> [WHAT IS BEING ASKED]: Once the line holding "Load image into" appears, repeat it and each line after it to the end of the data, exactly and with nothing else; pictures stay out.
(DATA FOR REVIEW Opens)
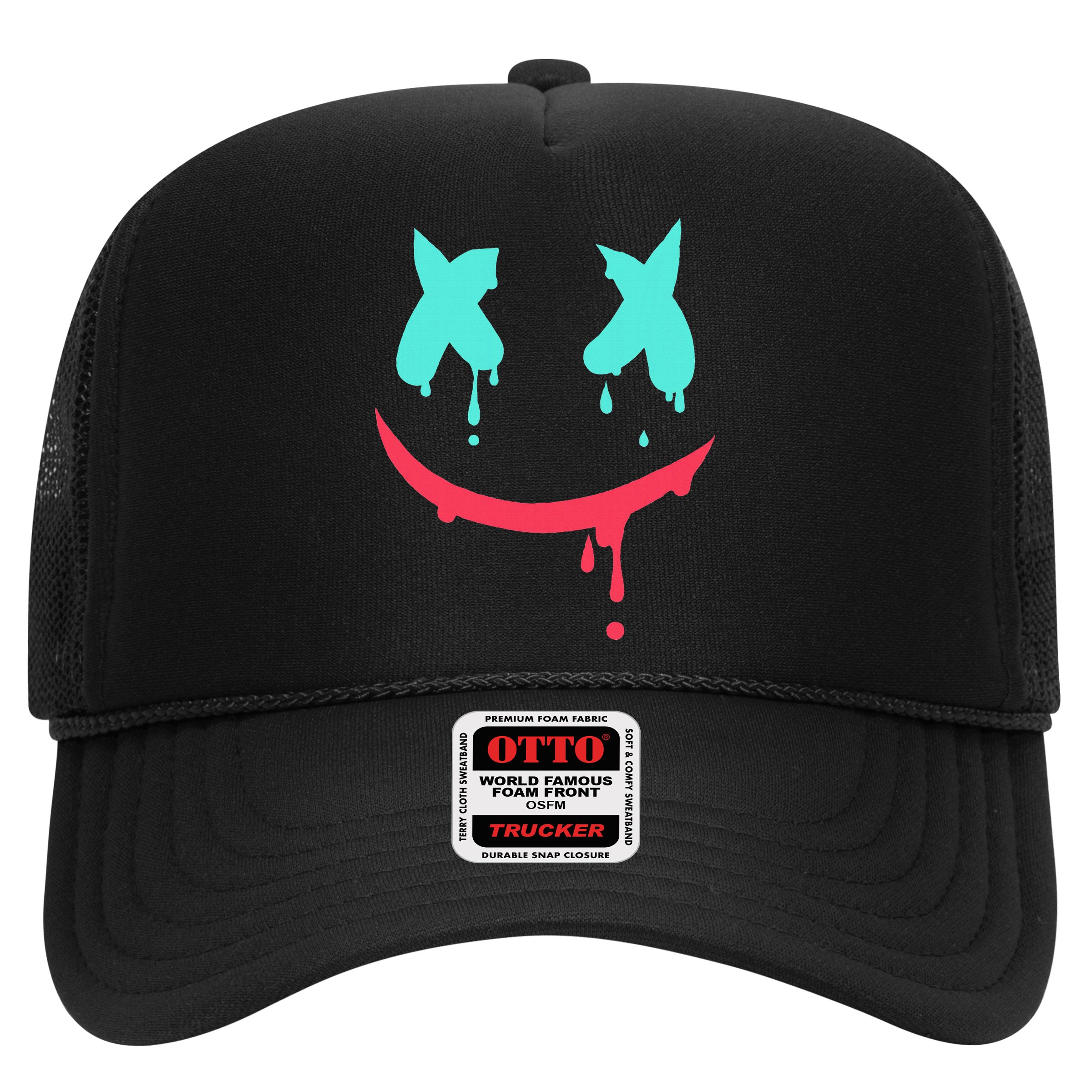 Smiling Marshmallow Melting Happy Face Hat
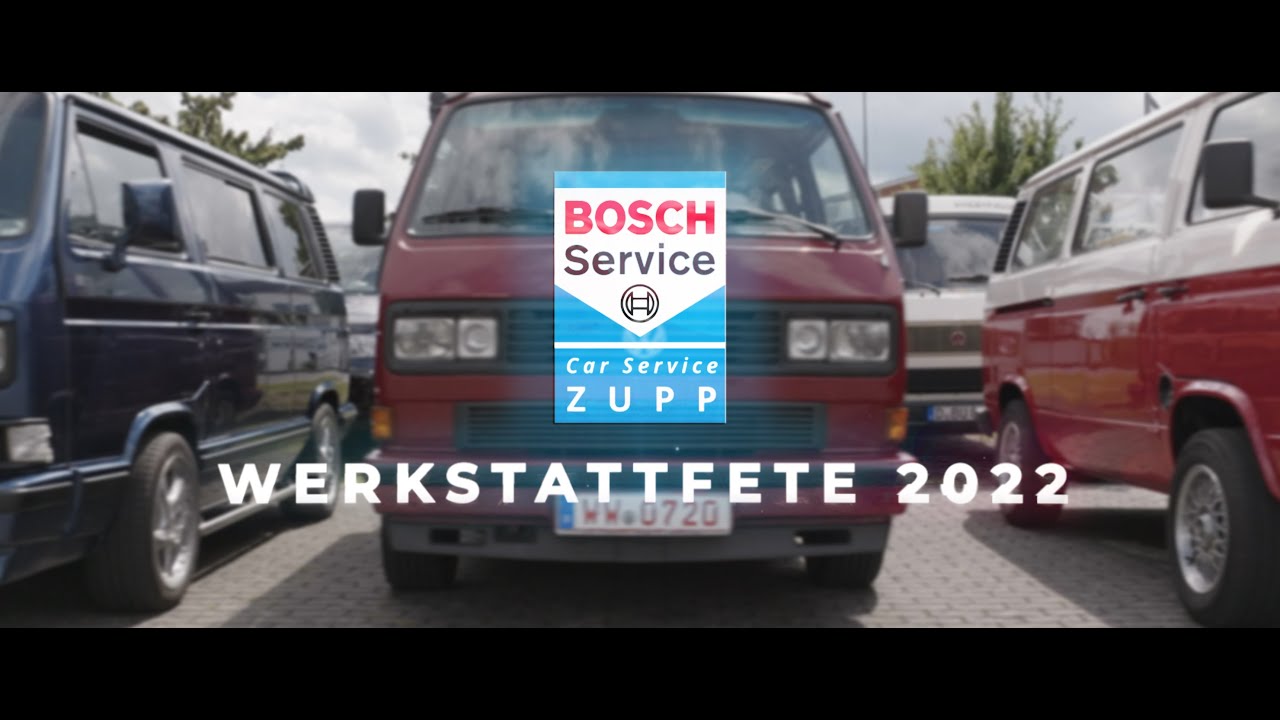 Bosch-Service Zupp - Werkstattfete 2022 (T3-Bus-Treffen)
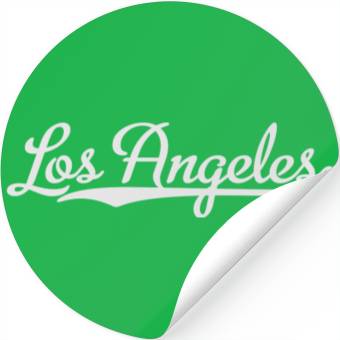Discover Los Angeles Stickers
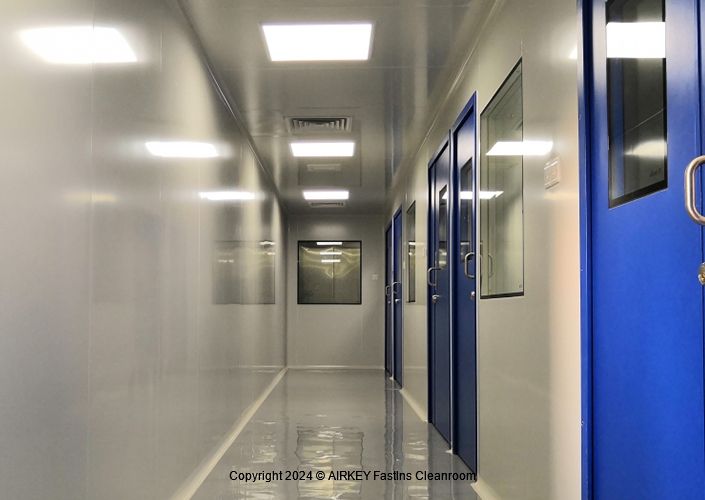Sandwich Panel for Standard & Qualified Cleanroom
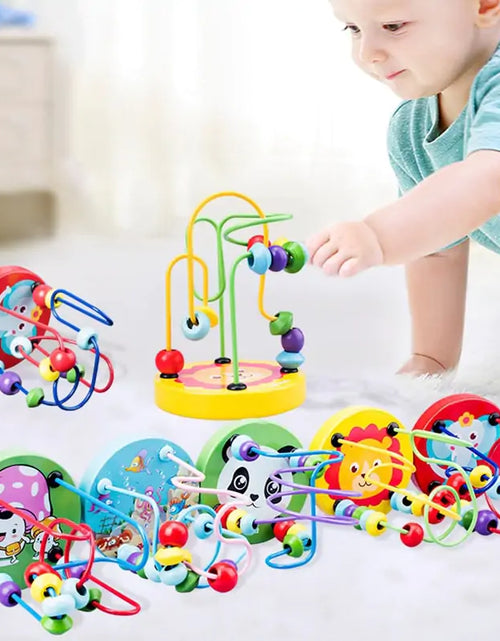 Load image into Gallery viewer, Roller Coaster Abacus Puzzle toys For Kids
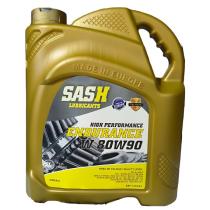 ACEITES LUBRICANTES SASH 5L ENDURANCE W 80W90 - ENDURANCE W 80W90 5L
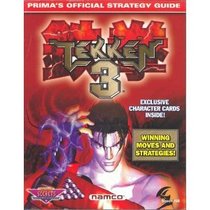 Tekken 3: Prima's Official Strategy Guide (with Poster)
(DATA FOR REVIEW Closes)
> [PROBLEM SOLUTION]:
 Load image into Gallery viewer, Roller Coaster Abacus Puzzle toys For Kids
 ACEITES LUBRICANTES SASH 5L ENDURANCE W 80W90 - ENDURANCE W 80W90 5L
 Tekken 3: Prima's Official Strategy Guide (with Poster)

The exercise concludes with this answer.